While some leading private and public sector banks continue to tread on a fiery path, HDFC Bank remains an exception. On April 21, HDFC Bank reported a record profit for March quarter with a 20% year-on-year growth while its asset quality also remained stable. Taking note of the bank’s positive results, investors are as buoyant about its prospects as ever. The stock price has risen from 1,854 on January 1 to 2,065 on May 15 which was a new high for the lender.
Riding the high, HDFC Bank deputy managing director Paresh Sukthankar offloaded 16 lakh shares worth Rs 9.86 crore on May 7 and 9. Similarly, Kaizad Bharucha, executive director, also sold shares worth 1.90 crore on May 9 and 10. Apart from Sukthankar and Bharucha, other senior executives Bhavesh Zaveri, Maria Soares, Atul Barve, and Madhusoodan Hegde also booked profits in first two weeks of May, selling shares worth 1.90 crore, 2.24 crore, 1.29 crore and 2.34 crore respectively.
In FY18, the bank’s net interest income rose 17.70% (YoY) to 10,657 crore from 9,055 crore in FY17. The total advances of the bank stood at 6.58 lakh crore growing 18.7% year-on-year. As of March 31, 2018, the bank’s ratio of gross non-performing assets to total advances was 1.30% as compared to 1.05% a year earlier. The net NPAs of the bank are at 1.0% of net advances as on March 31, 2018.

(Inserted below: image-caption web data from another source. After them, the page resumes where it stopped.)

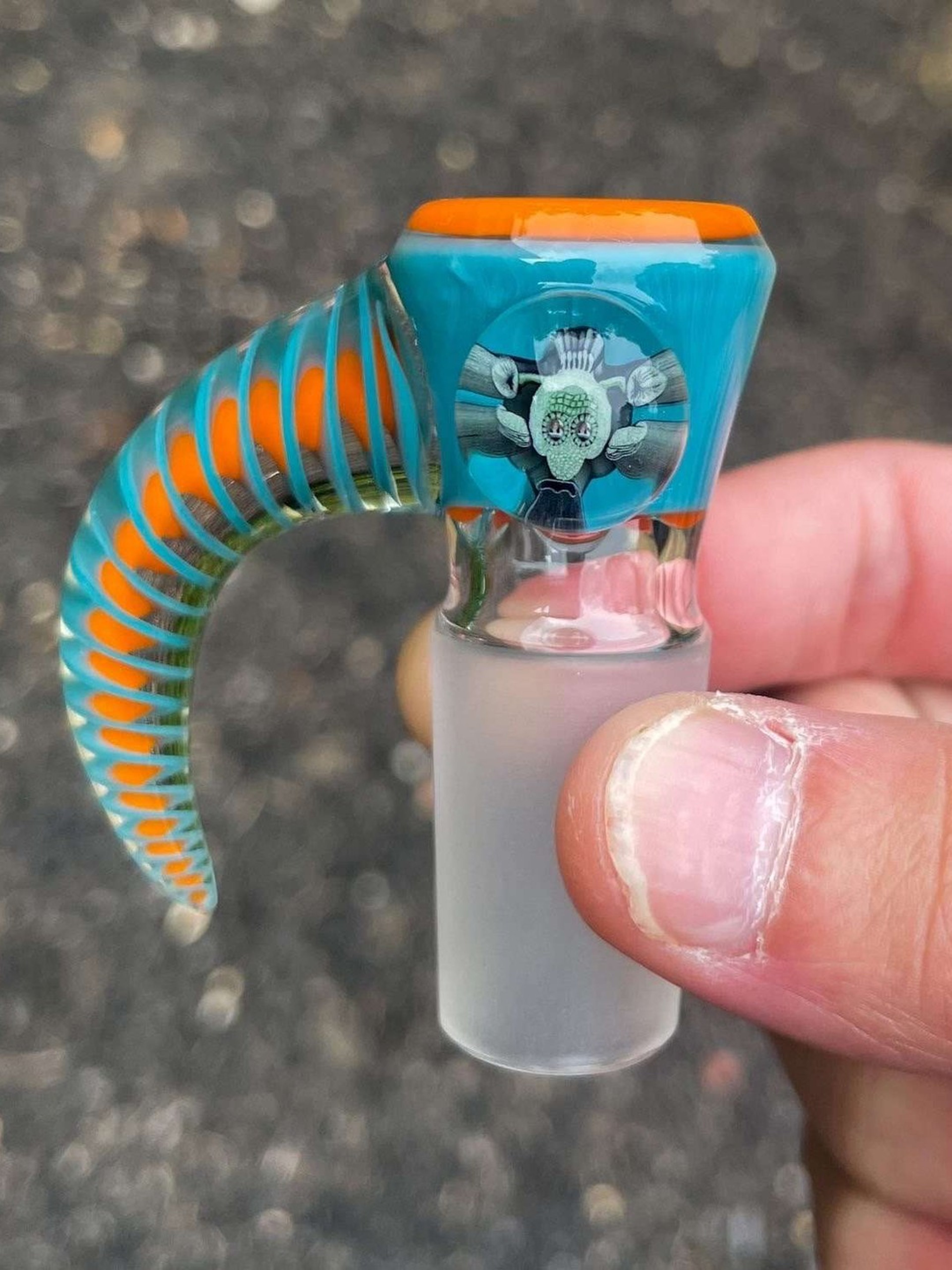 Preview pic of Shamby 18mm slide 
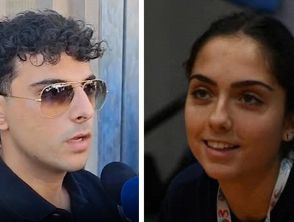 Simona Cinà morta in piscina a Palermo, l'ex fidanzato sentito dai carabinieri esclude alcol e droghe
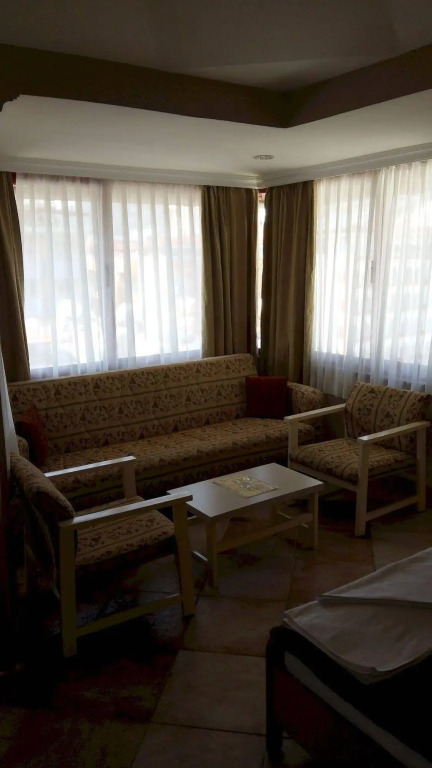 Musti Apart Hotel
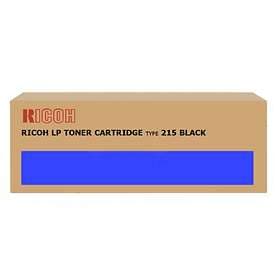 Ricoh Type 215 (Black)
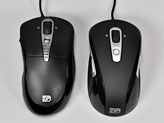 画像ギャラリー No.005のサムネイル画像 / DHARMA TACTICAL MOUSEの新型「DRTCM15」「DRTCM12」レビュー。新筐体で完成度は間違いなく高まった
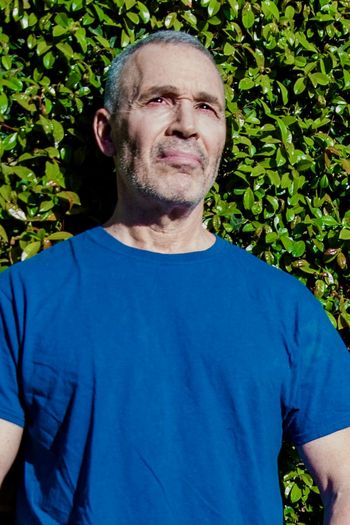 Transformative Touch <i>by Mike</i>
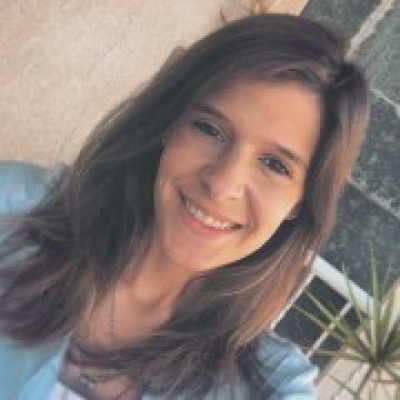 Margarida Ferreira - Lisboa - Nutricionista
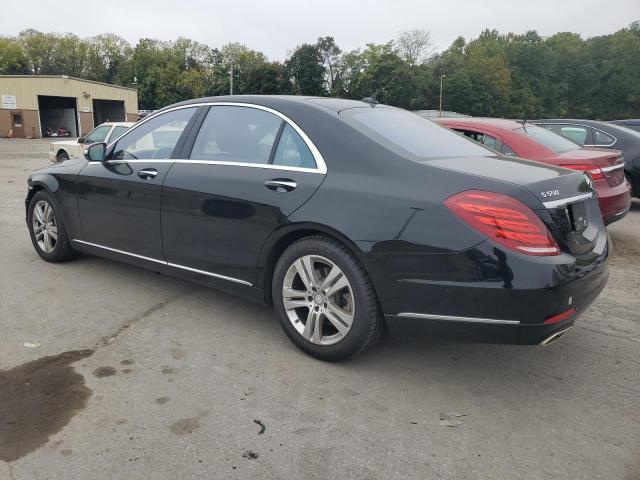 2017 MERCEDES-BENZ S 550 4MATIC WDDUG8FB0HA305725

With the bank recording a stellar performance, analysts are bullish. Edelweiss Securities deemed it best-in-class liability franchise and stated that HDFC Bank’s expansion in rural and semi-urban parts of the country would ensure that it delivers above-industry earnings growth. Benefiting from the expansion, the bank’s loan growth has also exceeded the expectations growing 23% year-on-year. Even Motilal Oswal Securities has predicted that HDFC Bank is well positioned to outgrow the system and further gain market share. They expect HDFC Bank to attain 10% market share by FY22 while systemic loan growth also revives modestly.

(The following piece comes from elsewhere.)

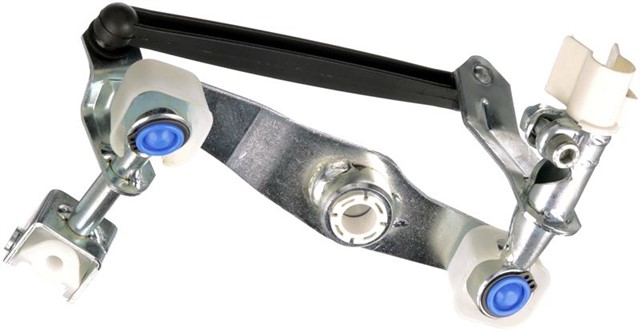 AR - RUBBER TO METAL ETM2034 ENGINE TRANSMISSION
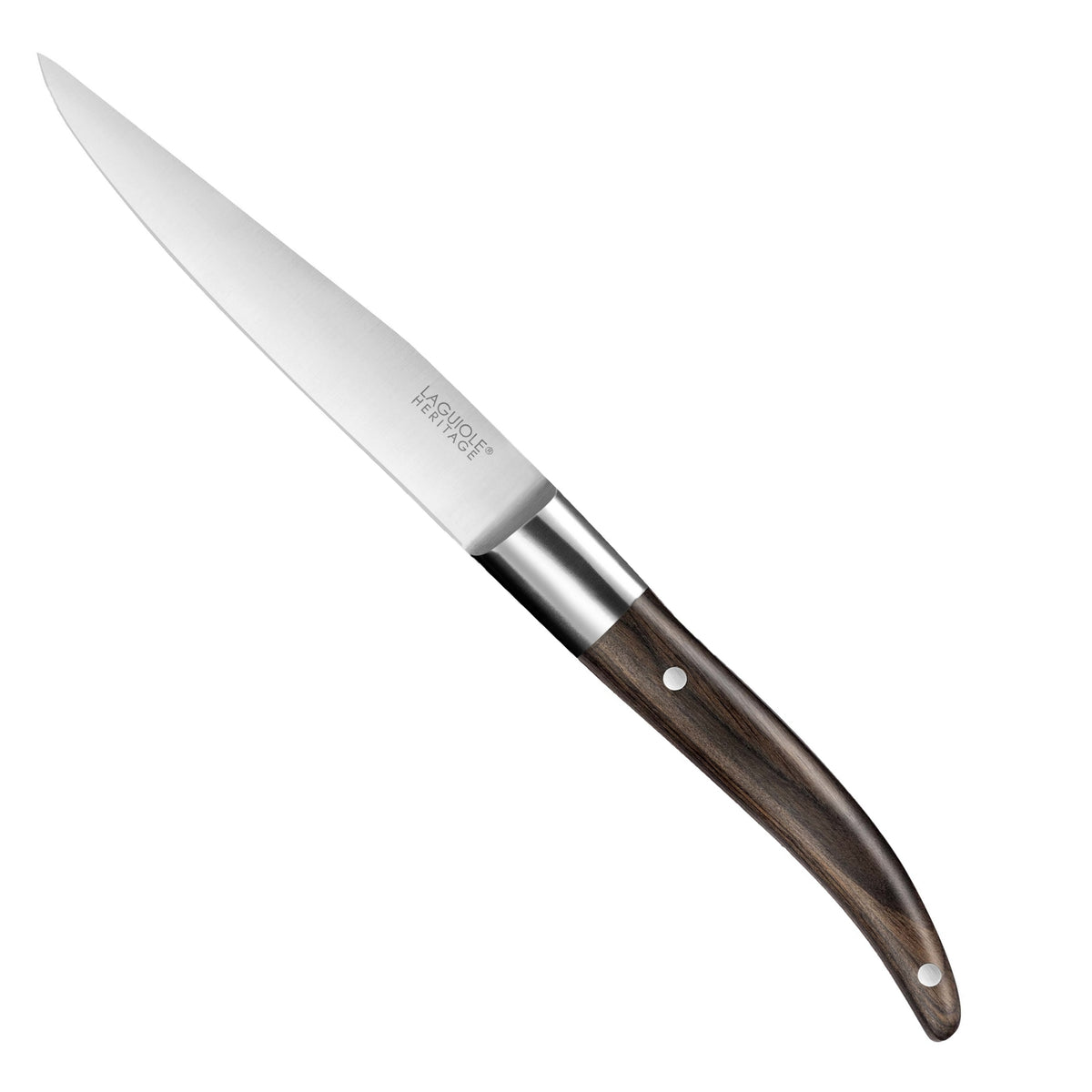 Laguiole Heritage Steak Knife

The analysts’ positive attitude and positive earnings report have reflected in the stock market. While ICICI Bank and Axis Bank have shed 1.29% and 1.80% respectively since start of the year, HDFC Bank has gained 11%. The appetite for the stock is also high among mutual funds. According to Ace Equity, 64 equity mutual fund schemes out of 145 had HDFC Bank as the top holding in their portfolio. The mutual funds’ holding in the stock has gone up from 9.87% in March 2017 to 12.08% in March 2018. The promoters and FIIs have pared their holdings marginally in the same period.